We can help allow for this by doing more tests. Here I will increase the 
number of cycles from one million to two million, and pick the best out of five:

 >>> min( t1.repeat(number=2000000, repeat=5) )
4.8857738971710205
 >>> min( t2.repeat(number=2000000, repeat=5) )
22.03256916999817

I think that's pretty clear: my hand-written sum function is about four and a 
half times slower than the built-in one.

If a test seems to be going for ever, you can interrupt it with Ctrl-C.

Here's another way to use timeit: from the command line. If you have Windows, 
you should use command.com or cmd.exe (or is it the other way around?). I'm 
using Linux, but the method is more or less identical.

This time, I want to see what is the overhead of the "pass" statement. So I 
compare two code snippets, identical except one has "pass" after it:

steve at runes:~$ python -m timeit -s "x = 42" "x += 1"
10000000 loops, best of 3: 0.0681 usec per loop
steve at runes:~$ python -m timeit -s "x = 42" "x += 1; pass"
10000000 loops, best of 3: 0.0739 usec per loop

"steve at runes:~$" is my prompt; you don't type that. You type everything 
starting from python to the end of the line.

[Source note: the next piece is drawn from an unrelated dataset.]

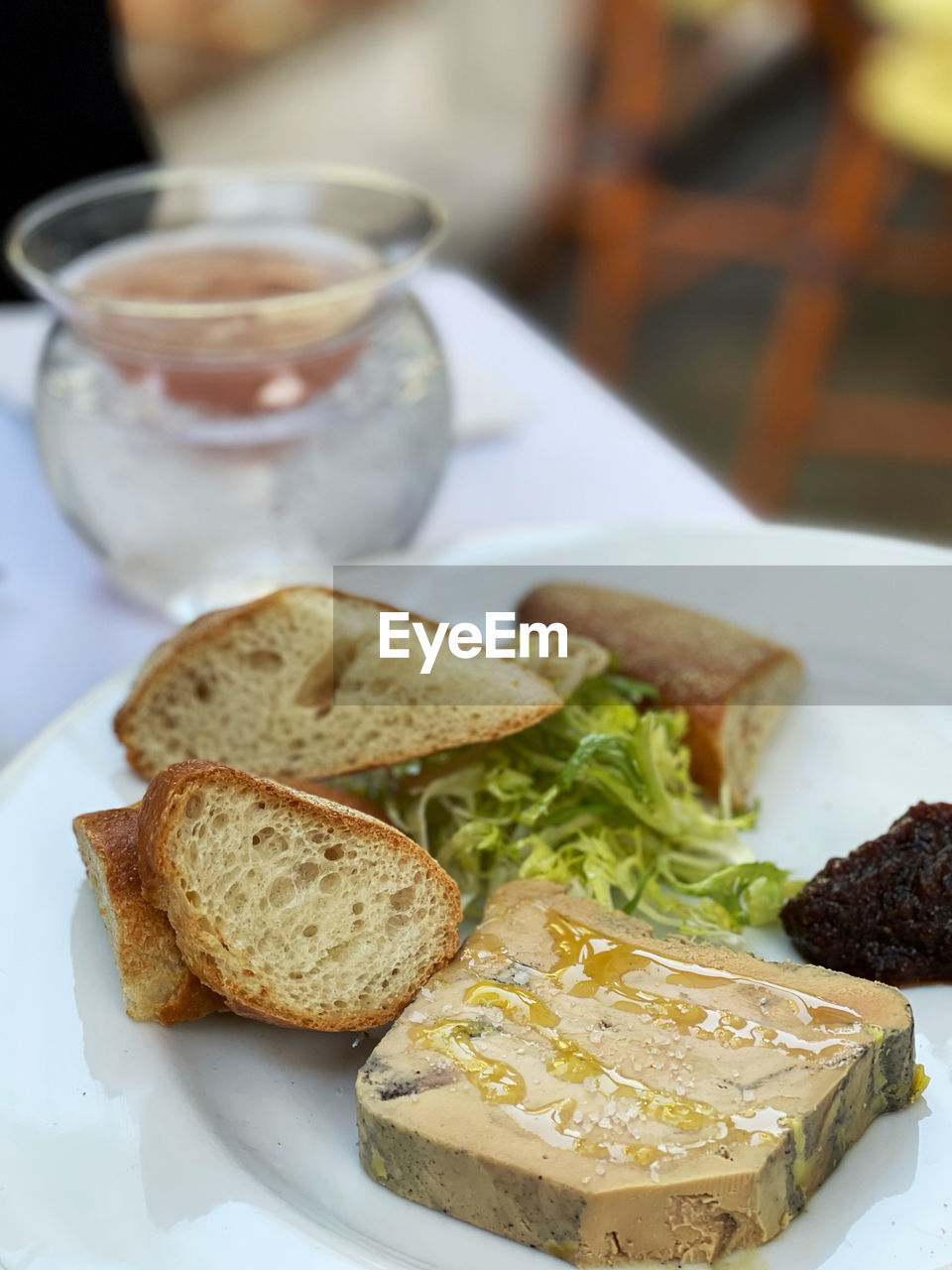 food and drink, food, bread, healthy eating, dish, lunch, meal, breakfast, wellbeing, plate, baked, vegetable, brunch, freshness, rye bread, no people, produce, cuisine, indoors, focus on foreground, sliced bread, toasted bread, close-up, slice, meat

Notice that when called from the command line, timeit tries to be smart: it 
starts looping, doing the test over and over again until it has enough loops 
that the time taken is reasonable. Then it does it two more times, and prints 
the best of three.

In this case, the overhead of a pass statement is about 0.006 microseconds on 
my computer.

-- 
Steven